What is required:
Could every line of the listing be output exactly, with the pictures skipped?

Provided data:
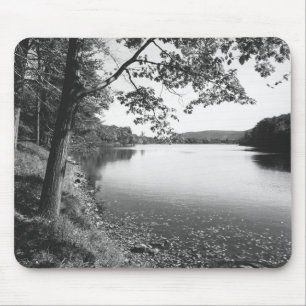 Bäume durch Fluss B&W Mousepad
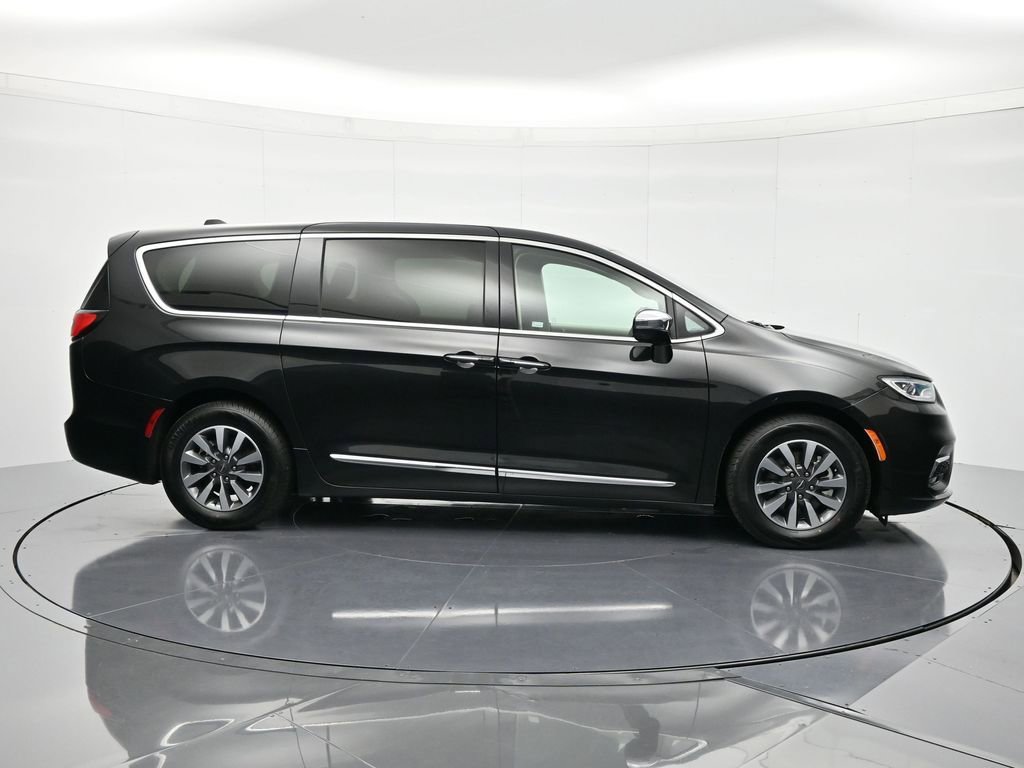 Used 2023 Chrysler Pacifica Limited FWD image 4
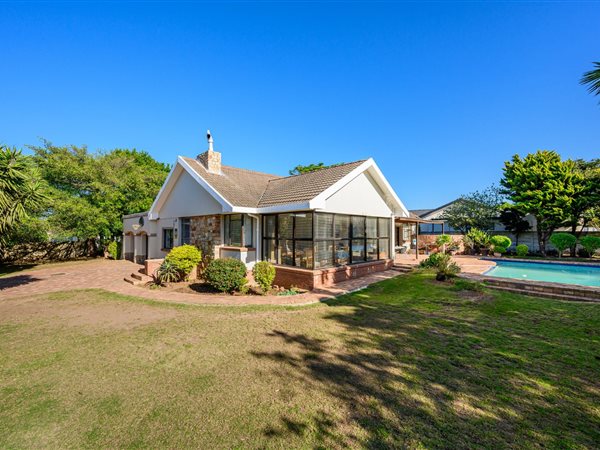 4 Bedroom House 4 Bedroom House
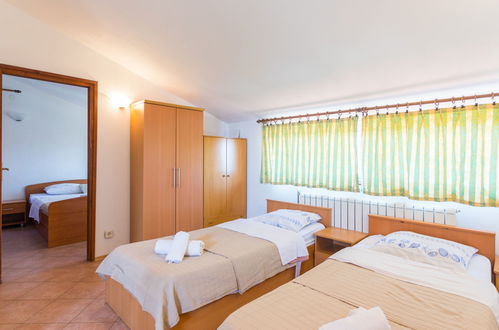 Foto 10 - Appartamento con 2 camere da letto a Tar-Vabriga con piscina e vista mare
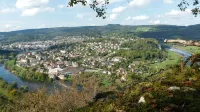 3-star gîte, green setting, close to shops, free WiFi
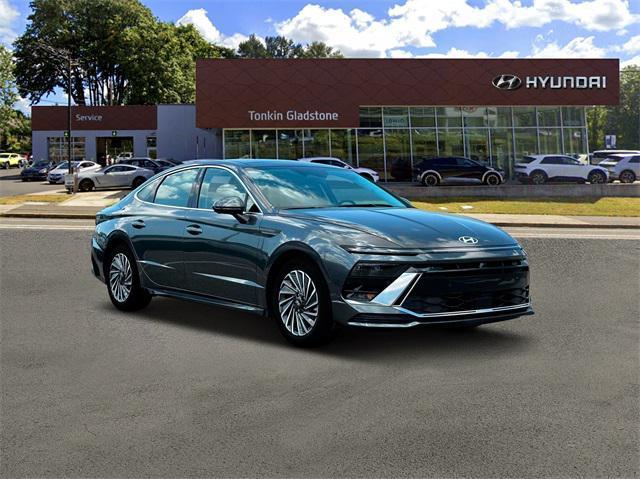 new 2025 Hyundai Sonata Hybrid car, priced at $39,090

Output of the task:
 Bäume durch Fluss B&W Mousepad
 Used 2023 Chrysler Pacifica Limited FWD image 4
 4 Bedroom House 4 Bedroom House
 Foto 10 - Appartamento con 2 camere da letto a Tar-Vabriga con piscina e vista mare
 3-star gîte, green setting, close to shops, free WiFi
 new 2025 Hyundai Sonata Hybrid car, priced at $39,090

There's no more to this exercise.